## Liquid Clustering Demo part -2
### No need to mention the column. instead use CLUSTER BY AUTO 
#### step 1 : enable it by alter table
#### step 2 : execute Optimize command

In [0]:
display(dbutils.fs.ls("dbfs:/databricks-datasets/nyctaxi/tables/nyctaxi_yellow"))

In [0]:
# Path to dataset
base_path = "dbfs:/databricks-datasets/nyctaxi/tables/nyctaxi_yellow"

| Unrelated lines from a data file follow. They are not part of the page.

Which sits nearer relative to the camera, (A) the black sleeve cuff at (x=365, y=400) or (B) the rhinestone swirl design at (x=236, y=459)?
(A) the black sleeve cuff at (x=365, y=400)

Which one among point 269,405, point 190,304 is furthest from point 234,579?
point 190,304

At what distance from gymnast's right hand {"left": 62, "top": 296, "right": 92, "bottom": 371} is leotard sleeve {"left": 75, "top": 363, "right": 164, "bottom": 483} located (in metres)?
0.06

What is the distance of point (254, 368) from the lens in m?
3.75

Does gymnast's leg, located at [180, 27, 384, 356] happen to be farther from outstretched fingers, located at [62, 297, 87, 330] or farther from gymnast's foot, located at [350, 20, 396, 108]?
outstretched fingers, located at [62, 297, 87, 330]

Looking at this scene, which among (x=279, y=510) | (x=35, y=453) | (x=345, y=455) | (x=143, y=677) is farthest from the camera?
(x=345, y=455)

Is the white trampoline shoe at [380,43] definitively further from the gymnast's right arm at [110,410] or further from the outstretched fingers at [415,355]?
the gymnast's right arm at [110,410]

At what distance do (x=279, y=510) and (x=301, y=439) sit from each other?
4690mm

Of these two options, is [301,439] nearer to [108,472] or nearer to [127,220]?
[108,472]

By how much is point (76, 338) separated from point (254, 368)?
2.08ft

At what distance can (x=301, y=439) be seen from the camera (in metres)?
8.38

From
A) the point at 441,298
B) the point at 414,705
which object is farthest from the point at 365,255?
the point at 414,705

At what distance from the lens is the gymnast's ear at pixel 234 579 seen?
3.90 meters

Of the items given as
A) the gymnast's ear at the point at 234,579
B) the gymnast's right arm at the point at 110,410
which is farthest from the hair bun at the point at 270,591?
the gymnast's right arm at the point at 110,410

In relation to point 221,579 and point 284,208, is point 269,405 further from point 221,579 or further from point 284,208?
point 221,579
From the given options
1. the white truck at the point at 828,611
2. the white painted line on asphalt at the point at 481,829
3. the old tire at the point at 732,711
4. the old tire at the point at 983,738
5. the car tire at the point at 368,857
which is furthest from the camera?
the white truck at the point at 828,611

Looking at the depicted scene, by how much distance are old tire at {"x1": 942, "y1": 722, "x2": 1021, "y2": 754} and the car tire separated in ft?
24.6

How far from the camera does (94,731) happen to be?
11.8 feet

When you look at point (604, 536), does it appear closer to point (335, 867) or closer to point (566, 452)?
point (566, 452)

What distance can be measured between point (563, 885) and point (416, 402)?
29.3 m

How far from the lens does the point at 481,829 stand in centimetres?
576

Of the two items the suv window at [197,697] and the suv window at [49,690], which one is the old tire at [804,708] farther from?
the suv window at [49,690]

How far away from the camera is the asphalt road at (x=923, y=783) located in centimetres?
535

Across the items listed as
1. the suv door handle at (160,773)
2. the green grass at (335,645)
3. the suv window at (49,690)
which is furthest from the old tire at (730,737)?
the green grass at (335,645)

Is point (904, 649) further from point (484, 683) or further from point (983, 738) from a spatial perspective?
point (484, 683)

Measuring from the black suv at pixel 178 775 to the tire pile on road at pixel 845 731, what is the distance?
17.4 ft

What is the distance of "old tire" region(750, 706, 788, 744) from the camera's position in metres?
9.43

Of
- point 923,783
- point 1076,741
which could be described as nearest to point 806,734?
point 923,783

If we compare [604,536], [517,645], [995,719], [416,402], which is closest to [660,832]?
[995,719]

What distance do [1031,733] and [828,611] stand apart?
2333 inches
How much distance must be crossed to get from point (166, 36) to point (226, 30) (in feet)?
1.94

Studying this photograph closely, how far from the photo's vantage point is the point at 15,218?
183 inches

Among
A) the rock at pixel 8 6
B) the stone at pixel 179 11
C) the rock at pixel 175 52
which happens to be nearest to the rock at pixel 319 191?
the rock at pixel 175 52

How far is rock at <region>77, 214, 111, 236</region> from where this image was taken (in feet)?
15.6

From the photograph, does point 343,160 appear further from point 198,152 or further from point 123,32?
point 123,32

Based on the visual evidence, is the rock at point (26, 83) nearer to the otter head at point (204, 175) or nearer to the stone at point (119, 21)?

# List all files under the folder
files = dbutils.fs.ls(base_path)

# Filter only part files (usually start with 'part-')
part_files = [f.path for f in files if "part-" in f.name]

# Take the first 10
first_10_files = part_files[:10]

print("Files being read:")
for f in first_10_files:
    print(f)

# Read only these 10 files into a dataframe
df = spark.read.format("parquet").load(first_10_files)

# Show preview
df.display()


In [0]:
%sql
desc extended delta.`dbfs:/databricks-datasets/nyctaxi/tables/nyctaxi_yellow`

In [0]:
%sql

drop table if exists demo_taxi_200_files;
CREATE TABLE demo_taxi_200_files (
  vendor_id STRING,
  trip_distance DOUBLE,
  dropoff_longitude DOUBLE,
  pickup_latitude DOUBLE,
  tolls_amount DOUBLE,
  tip_amount DOUBLE,
  pickup_longitude DOUBLE,
  passenger_count INT,
  store_and_fwd_flag STRING,
  extra DOUBLE,
  dropoff_datetime TIMESTAMP,
  rate_code_id INT,
  total_amount DOUBLE,
  mta_tax DOUBLE,
  payment_type STRING,
  fare_amount DOUBLE,
  pickup_datetime TIMESTAMP,
  dropoff_latitude DOUBLE
)
USING DELTA
TBLPROPERTIES (
  'delta.autoOptimize.optimizeWrite' = 'false',
  'delta.autoOptimize.autoCompact' = 'false'
);


In [0]:

display(df.show())

In [0]:
df.repartition(200).write.format("delta").mode("overwrite").saveAsTable("demo_taxi_200_files")

In [0]:
%sql
select * from demo_taxi_200_files

In [0]:
%sql
select count(*) from demo_taxi_200_files

In [0]:
%sql
desc detail demo_taxi_200_files

In [0]:
%sql
select count(*) from demo_taxi_200_files
where trip_distance>100;

### Enable liquid cluster for this table using AUTO

In [0]:
%sql
alter table demo_taxi_200_files cluster by AUTO


In [0]:
%sql
desc history demo_taxi_200_files

In [0]:
%sql
select count(*) from demo_taxi_200_files
where trip_distance>100

In [0]:
%sql
select min(trip_distance), max(trip_distance), _metadata.file_name 
from demo_taxi_200_files
group by _metadata.file_name
order by min(trip_distance);

In [0]:
%sql
optimize demo_taxi_200_files
    


In [0]:
%sql
desc history demo_taxi_200_files

In [0]:
%sql
select min(trip_distance), max(trip_distance), _metadata.file_name 
from demo_taxi_200_files
group by _metadata.file_name
order by min(trip_distance);

In [0]:
%sql
select count(*) from demo_taxi_200_files
where trip_distance>100

## To disable Liquid Clustering 

In [0]:
%sql
alter table demo_taxi_200_files cluster by none
    


In [0]:
%sql
desc detail demo_taxi_200_files